_TASK INSTRUCTIONS_
The lines from the one containing "B6692- 1998 Donruss" to the end of the entries, both included, are what you need to transcribe exactly, without pictures and without anything else.

EXERCISE INPUTS Start Marker

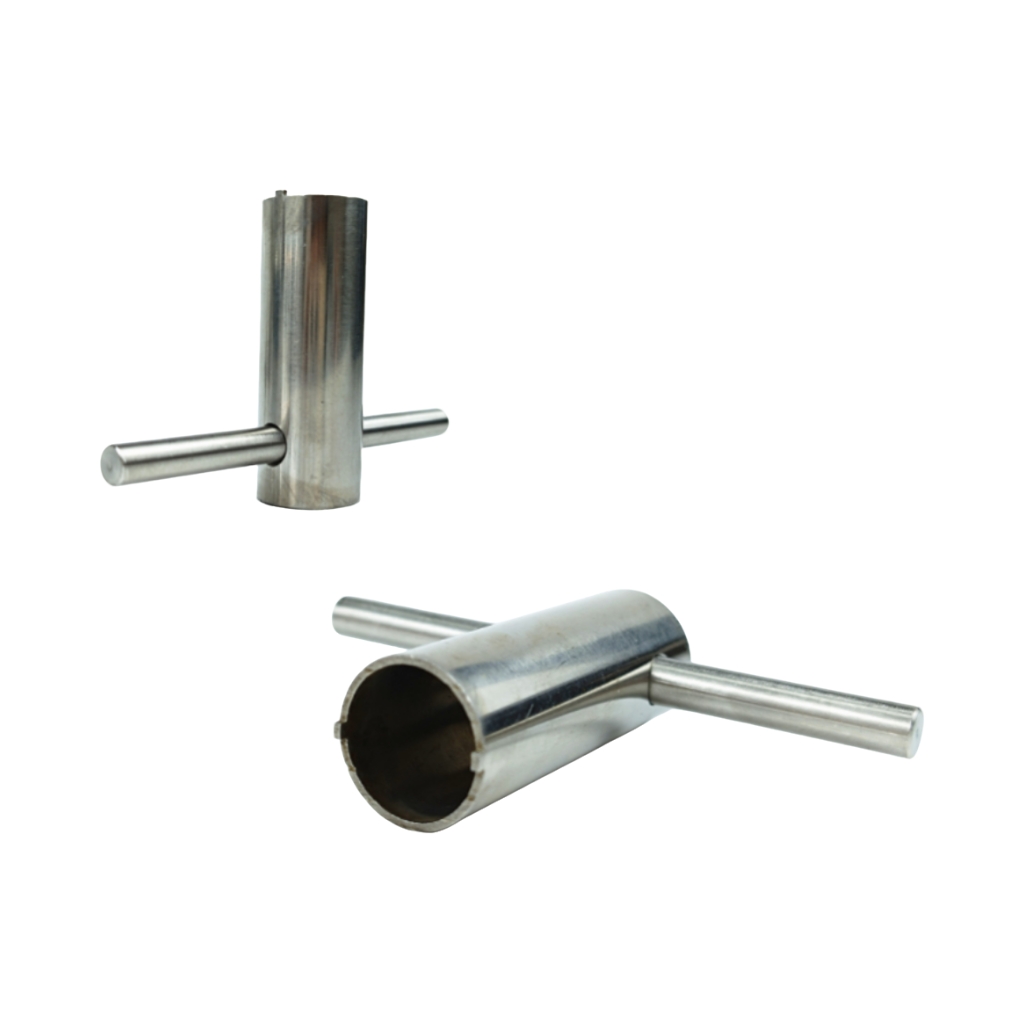 Wielofunkcyjne narzędzie do na – Dental Handpiece Low Speed recenzja i cena
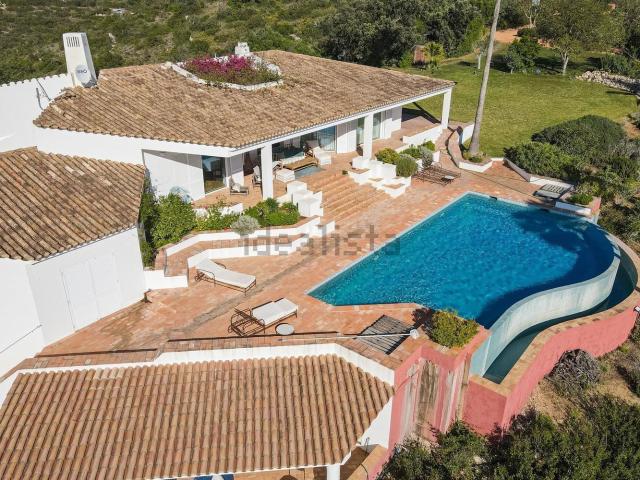 Casa venda em Albufeira, Faro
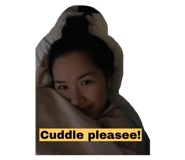 456165176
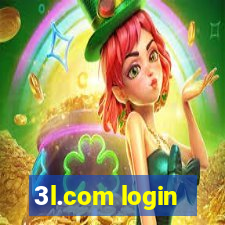 3l.com login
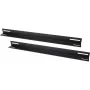 Rack-accessoire Inter-Tech 88887353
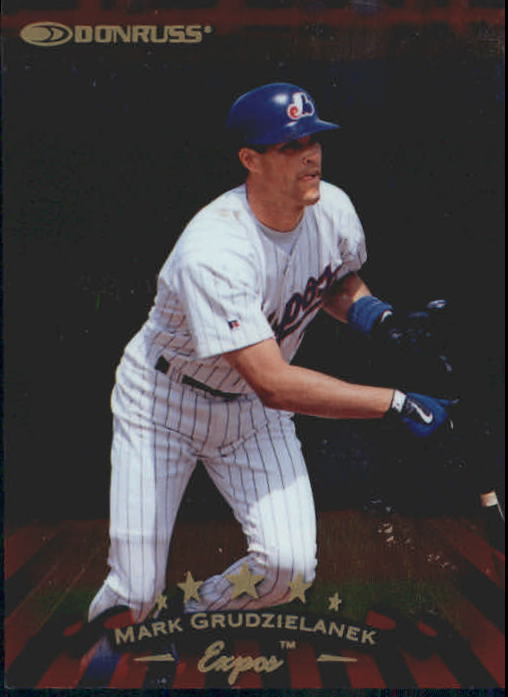 B6692- 1998 Donruss Collections donruss BB 1-205 -You Pick- 15+ FREE US SHIP - Picture 290 of 375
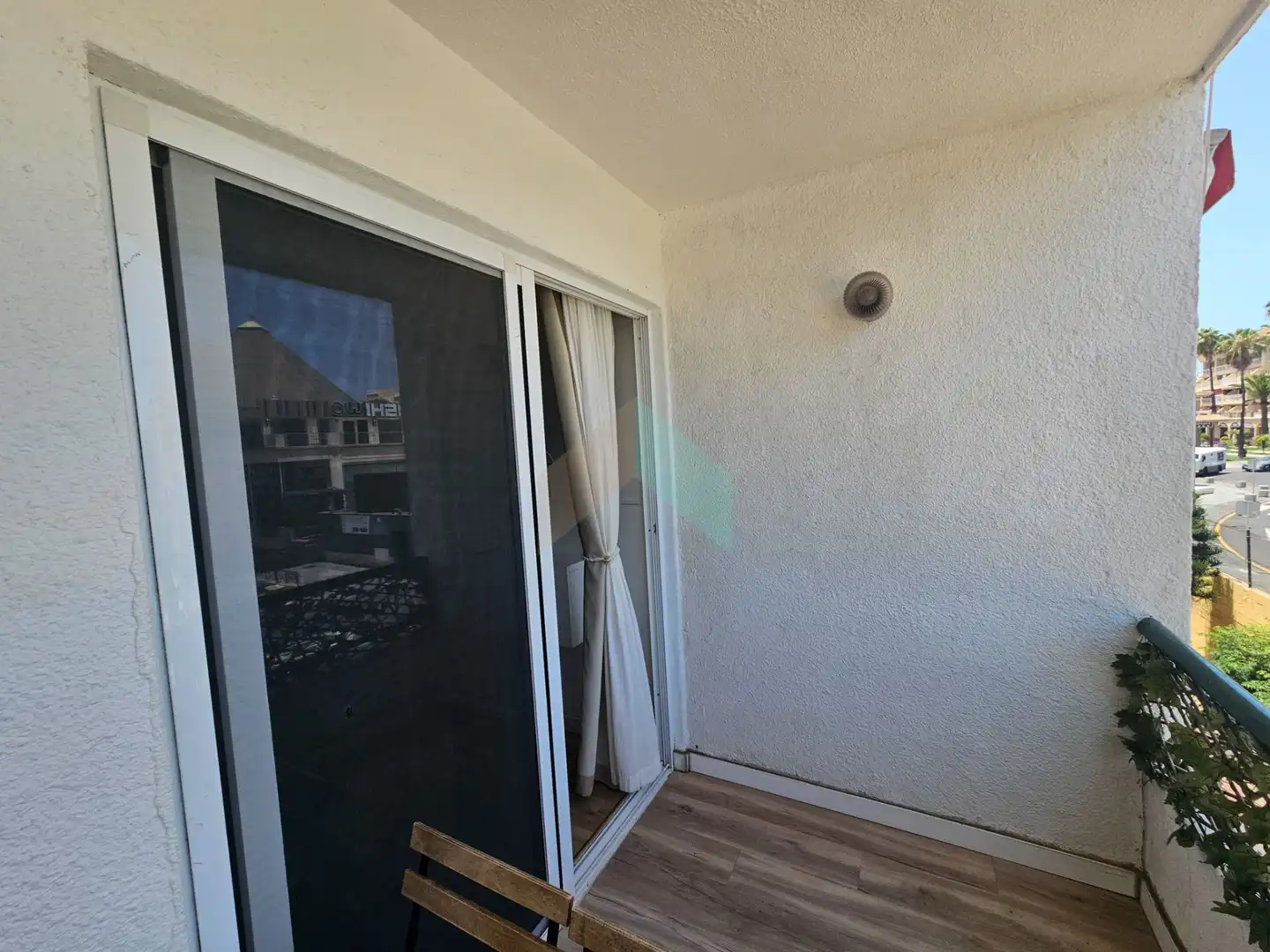Estudi amb piscina en venda a Nordica, imagen 2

EXERCISE INPUTS End Marker

_ANSWER TO THE PROBLEM_
 B6692- 1998 Donruss Collections donruss BB 1-205 -You Pick- 15+ FREE US SHIP - Picture 290 of 375
Estudi amb piscina en venda a Nordica, imagen 2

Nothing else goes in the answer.